Ellen Pompeo credited as playing...
Dr. Meredith Grey
- Dr. Meredith Grey: There's an old proverb that says you can't choose your family. You take what the fates hand you. And like them or not, love them or not, understand them or not, you cope. Then there's the school of thought that says the family you're born into is simply a starting point. They feed you, and clothe you, and take care of you, until you're ready to go out into the world and find your tribe.
- [Bailey who is pregnant, is rubbing her stomach and has labored breaths as she walks through the halls of the hospital. The interns are talking as they follow her]
- Dr. George O'Malley: Look at her belly. She's almost as wide as she is tall.
- Dr. Meredith Grey: Are her ankles swollen? Is that why she's waddling?
- Dr. Isobel 'Izzie' Stevens: What's gonna happen to us when she goes on leave?
- Dr. Cristina Yang: She's going on leave?
- Dr. Meredith Grey: What do you think happens when people push babies out of their vagina?
- [George laughs]
- Dr. George O'Malley: Do you think we're going to get a new resident?
- Dr. Alex Karev: Nah. They'll probably just let us wander around unattended. See how much damage we can do.
- Dr. Isobel 'Izzie' Stevens: Yeah, well, you would know.
- [Enthusiastic]
- Dr. Isobel 'Izzie' Stevens: Hey, guys, we should all get together and get Bailey a Christmas gift for the baby, or we could, um, organize some sort of Secret Santa thing.
- Dr. Cristina Yang: Okay, listen Tiny Tim, you can take your...

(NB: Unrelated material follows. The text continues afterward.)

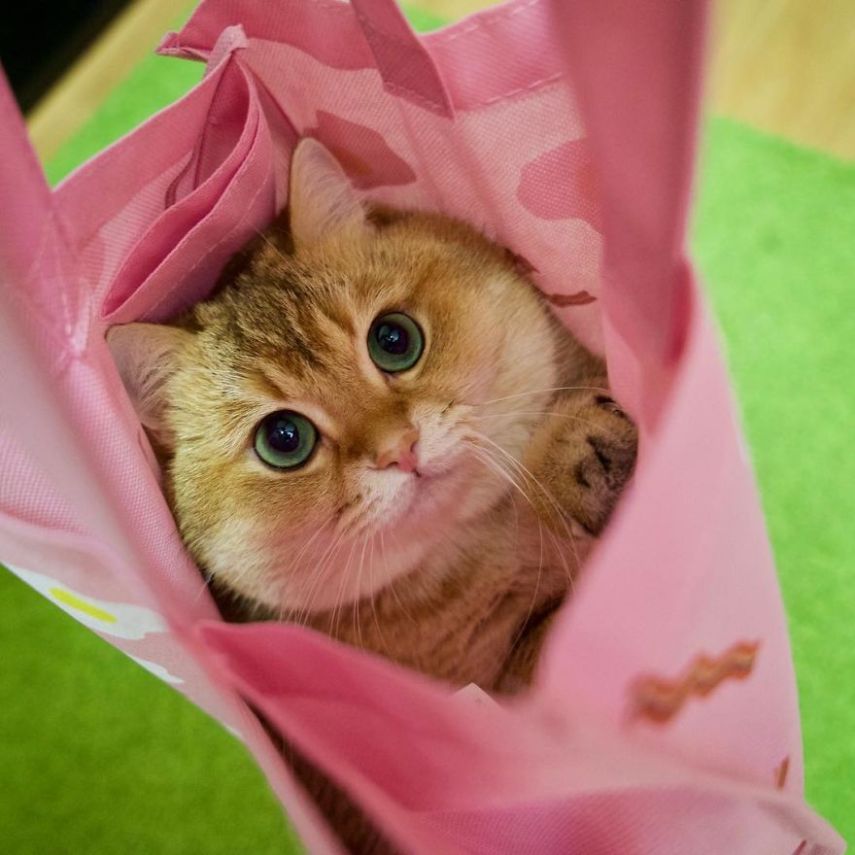 Hosico tem 520 mil seguidores atualmente na conta @hosico_cat no Instagram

- [George and Meredith move in next to each other to block Cristina from Izzie]
- Dr. George O'Malley: Sounds great.
- Dr. Meredith Grey: Secret Santa sounds great, Izzie.
- Dr. Isobel 'Izzie' Stevens: Okay.
- [turns around and leaves]
- Dr. Isobel 'Izzie' Stevens: [Cristina has an appalled look on her face]

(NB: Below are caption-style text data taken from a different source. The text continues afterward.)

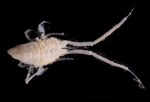 Isopoda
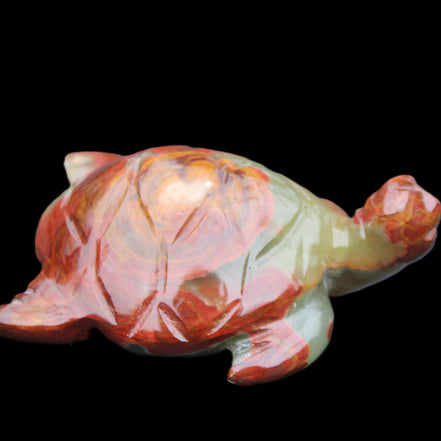Afghan Jade hand-carved Turtle 99*76*38mm 319g in sunlight - Rocks and Things Store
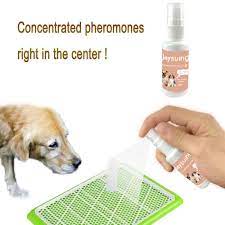 Dog Potty Training Spray 30ml Effective Pet Toilet Training Spray Dog Props Inducer Z0510 G30 Dog Potty Dog Potty Training Toilet Training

- Dr. Meredith Grey: We're being supportive.
- [Room is filled with noisy children, playing, which continues throughout the scene]
- Dr. Meredith Grey: Tim Epstein, 38, fell off the roof of his house.
- [One of his children is sitting on him, sticking a fake lizard to his forehead]
- Tim Epstein: I was, uh, stringing Hanumas lights and a shingle came loose.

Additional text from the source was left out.